Did you measure copper levels daily?

I am not familiar with cuprazin, cupramine or Seacure is what I use.

Copper has to stay at 0.25mg/l for the duration of the treatment.
 
Did you measure copper levels daily?

I am not familiar with cuprazin, cupramine or Seacure is what I use.

Copper has to stay at 0.25mg/l for the duration of the treatment.

No, I don't have a copper testing kit. I dose the cuprazin according to the instructions and the volume of my tank. Cuprazin contains copper sulphate (1.7 % w/w), formaldehyde (0.3 % w/w) and malachite green (0.11 % w/w). I added 1.5 mL to my 22 L tank on day 1, day 2 and day 3 (today). I will add 1.5 mL again on day 4, day 6, day 8 and day 10. Then the treatment should be finished. Since the NH3 started to increase I have done 10 % water changes twice, today and yesterday, just before adding the dose of cuprazin. This might have lowered the copper concentration slightly.
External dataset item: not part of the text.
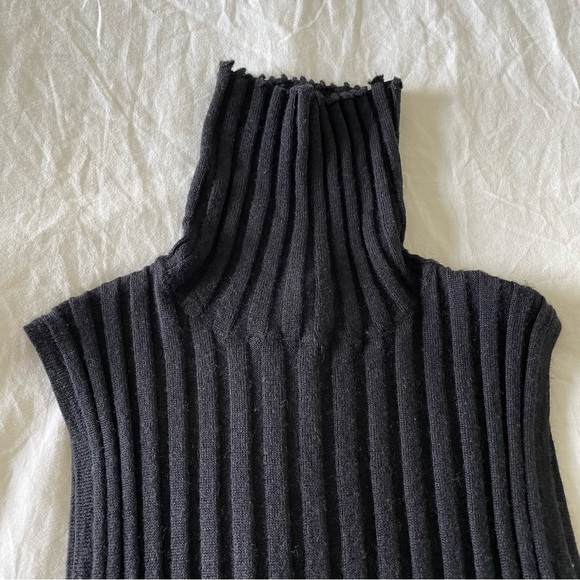 Ribbed Black Turtleneck Top - Picture 2 of 5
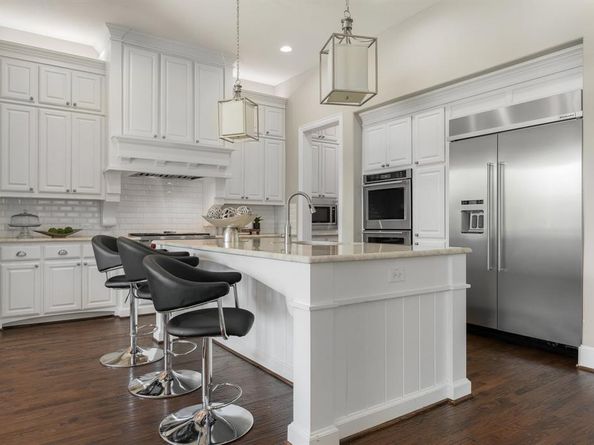 640  Creekway Drive , Irving Texas 75039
According to my calculations the initial copper concentration is 1.16 mg/L right after dosing. I assume this is then gradually decreasing. So 0.25 mg/L does not seem far off.
 
Did you measure copper levels daily?

I am not familiar with cuprazin, cupramine... is what I use.

Copper has to stay at 0.25mg/l for the duration of the treatment.
+1

I'm not sure what you have on those fish by the pics you posted. Your description made me think brook which I would treat with hypo-salinity (1.009) and Formalin III, but the pics are not consistant with that. It does look to me as though something has attached itself to the skin and detached some time before the pics were taken. Copper was probably as good a guess as any.